This trilemma isn't absolute, but it captures the trade-offs teams face in practice. In single-agent scenarios, you can manage through trade-offs. In multi-agent collaboration:
- Each agent has its own memory state to track
- Inter-agent communication, handoffs, and task delegation need correlation
- Emergent behaviors are hard to detect with predefined metrics
The complexity compounds quickly.
The State Black Hole
Agent decisions depend on internal state:
- Short-term Memory: Current conversation context
- Long-term Memory: Persisted knowledge and preferences
- Framework State: LangGraph's state, CrewAI's memory
Here's the problem: these states are often opaque.
Traditional trace views look like a black box:
Input → [Black Box] → OutputUnderstanding agent behavior requires seeing this:
Input
→ Planning (reasoning process)
→ State Query (memory lookup)
→ Tool Selection (why this tool?)
→ Tool Execution (results)
→ State Update (state changes)
→ Response Generation
→ OutputWe need to go deep into each step. Every step's state should be observable, because each one affects the agent's final output.
Datadog emphasizes this[6:1]:
This includes visibility into agent memory states such as CrewAI's short-term and long-term memory or LangGraph's state, which can be crucial for understanding decision-making processes.
Agent memory and state must become first-class citizens. Without observing state, you can't understand decisions. Without understanding decisions, you can't optimize agents. This is a significant departure from traditional APM.
Distributed Tracing Fragmentation
Take MCP (Model Context Protocol) as an example. A typical call chain:
User → Agent (Client) → LLM Provider → MCP Server → External Tool
| |
Trace A Trace B (disconnected!)Glama's technical blog discusses this in detail[14]:
The primary architectural challenge lies in unifying these two paths into a single distributed trace... To achieve true end-to-end tracing, the client must propagate the Trace ID into the request sent to the MCP server.
Current challenges:
- How do you correlate client-side and server-side traces?
- W3C Trace Context standards need to propagate across all components
- No community consensus on semantic conventions yet (e.g.,
mcp.tool_name,agent.session_id)
OpenTelemetry is developing Agent Framework Semantic Conventions[15], defining concepts like Tasks, Actions, Agents, Teams, Artifacts, and Memory. But widespread adoption is still a ways off.
The core challenge of multi-agent observability is cross-boundary context propagation. This isn't just a technical problem—it's a standardization problem. And frankly, this wasn't fully solved in the microservices era either.
A Deeper Insight: This Is Really About Wide Events
Let's step back and review what we've identified:
- Semi-structured, high-dimensional, context-rich data
- Post-hoc semantic quality analysis instead of just pre-aggregated metrics
- Raw data preservation to support fast feedback loops
- Unified storage to eliminate silos and correlate metrics/logs/traces
Sound familiar?
This is exactly what Charity Majors' Observability 2.0 and Wide Events address.
What Are Wide Events?
Wide Events is a data model pioneered by Honeycomb.
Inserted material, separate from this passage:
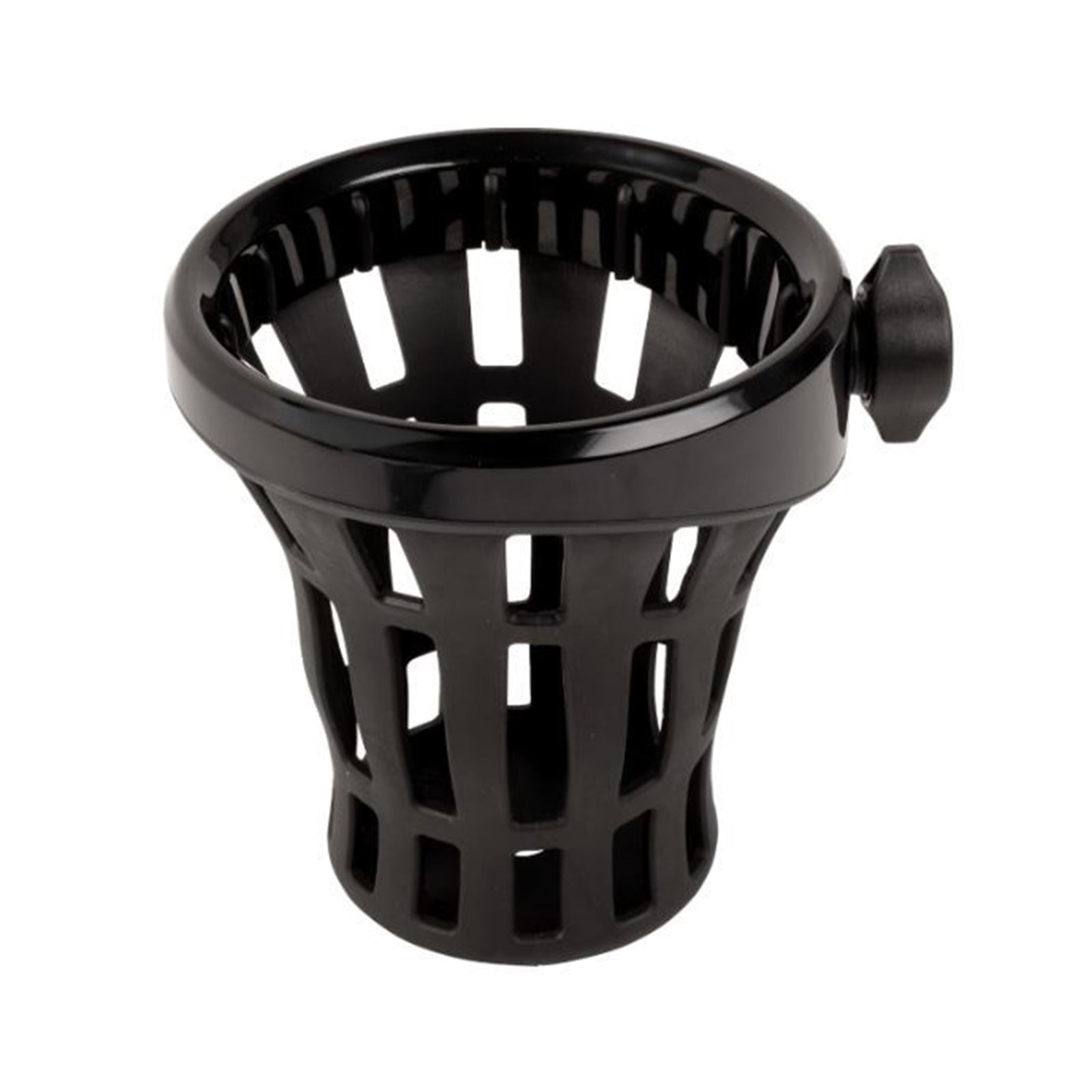 Ciro Drink Holder - Gen 2 - Big Ass® - Black - Passenger - Black Mount [MPN: 55922]_1768373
The core idea: replace scattered metrics/logs/traces with a single, wide-format structured event as the single source of truth for observability.

Charity Majors formally introduced Observability 2.0 in late 2024[16]:
Let's call the metrics, logs and traces crowd—the "three pillars" generation of tooling—that's "Observability 1.0". Tools like Honeycomb, which are built based on arbitrarily-wide structured log events, a single source of truth—that's "Observability 2.0".
Wide Events have these core characteristics:
- High Cardinality: Can include unique identifiers like
user_idandtrace_id - High Dimensional: A single event can have dozens or hundreds of fields
- Context-rich: Preserves complete request context
- Single Source of Truth: Derive metrics/logs/traces from raw events instead of storing them separately
If you're new to the concept, check out Observability Wide Events 101 for a solid introduction.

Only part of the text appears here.